All of lore.kernel.org
 help / color / mirror / Atom feed
From: Andy Lutomirski <luto@amacapital.net>
To: Ingo Molnar <mingo@kernel.org>
Cc: fweisbec@redhat.com, Paolo Bonzini <pbonzini@redhat.com>,
	Thomas Gleixner <tglx@linutronix.de>, X86 ML <x86@kernel.org>,
	Peter Zijlstra <peterz@infradead.org>,
	Ingo Molnar <mingo@redhat.com>,
	Heiko Carstens <heiko.carstens@de.ibm.com>,
	Mike Galbraith <umgwanakikbuti@gmail.com>,
	"linux-kernel@vger.kernel.org" <linux-kernel@vger.kernel.org>,
	Rik van Riel <riel@redhat.com>,
	williams@redhat.com
Subject: Re: [PATCH 3/3] context_tracking,x86: remove extraneous irq disable & enable from context tracking on syscall entry
Date: Thu, 7 May 2015 05:22:40 -0700	[thread overview]
Message-ID: <CALCETrXtd2PBLBhAdKPTxuMbE9pUSvsDLpBJnd2srJg5hk=LhQ@mail.gmail.com> (raw)
In-Reply-To: <20150507104845.GB14924@gmail.com>

On May 7, 2015 4:18 PM, "Ingo Molnar" <mingo@kernel.org> wrote:
>
>
> * Rik van Riel <riel@redhat.com> wrote:
>
> > > If, on the other hand, you're just going to remotely sample the
> > > in-memory context, that sounds good.
> >
> > It's the latter.
> >
> > If you look at /proc/<pid>/{stack,syscall,wchan} and other files,
> > you will see we already have ways to determine, from in memory
> > content, where a program is running at a certain point in time.
> >
> > In fact, the timer interrupt based accounting does a similar thing.
> > It has a task examine its own in-memory state to figure out what it
> > was doing before the timer interrupt happened.
> >
> > The kernel side stack pointer is probably enough to tell us whether
> > a task is active in kernel space, on an irq stack, or (maybe) in
> > user space.

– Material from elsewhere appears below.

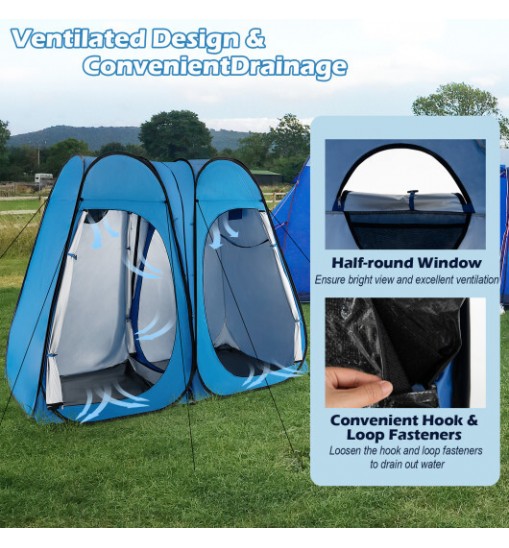 Oversized Pop Up Shower Tent with Window Floor and Storage Pocket-Blue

Not convinced about the latter, we may need to look at
> > the same state the RCU code keeps track of to see what mode a task
> > is in...
> >
> > I am looking at the code to see what locks we need to grab.
> >
> > I suspect the runqueue lock may be enough, to ensure that the task
> > struct, and stack do not go away while we are looking at them.
>
> That will be enough, especially if you get to the task reference via
> rq->curr.
>
> > We cannot take the lock_trace(task) from irq context, and we
> > probably do not need to anyway, since we do not care about a precise
> > stack trace for the task.
>
> So one worry with this and similar approaches of statistically
> detecting user mode would be the fact that on the way out to
> user-space we don't really destroy the previous call trace - we just
> pop off the stack (non-destructively), restore RIPs and are gone.
>
> We'll need that percpu flag I suspect.
>
> And once we have the flag, we can get rid of the per syscall RCU
> callback as well, relatively easily: with CMPXCHG (in
> synchronize_rcu()!) we can reliably sample whether a CPU is in user
> mode right now, while the syscall entry/exit path does not use any
> atomics, we can just use a simple MOV.
>
> Once we observe 'user mode', then we have observed quiescent state and
> synchronize_rcu() can continue. If we've observed kernel mode we can
> frob the remote task's TIF_ flags to make it go into a quiescent state
> publishing routine on syscall-return.
>

How does that work?

If the exit code writes the per-cpu flag and then checks TIF_whatever,
we need a barrier to avoid a race where we end up in user mode without
seeing the flag.

I think the right solution is to accept that race and just have the
RCU code send an IPI (or check again) if it sees too long of a period
elapse in kernel mode.

I think the flag should be a counter, though.  That way a workload
that makes lots of syscalls will be quickly detected as going through
quiescent states even if it's never actually observed in user mode.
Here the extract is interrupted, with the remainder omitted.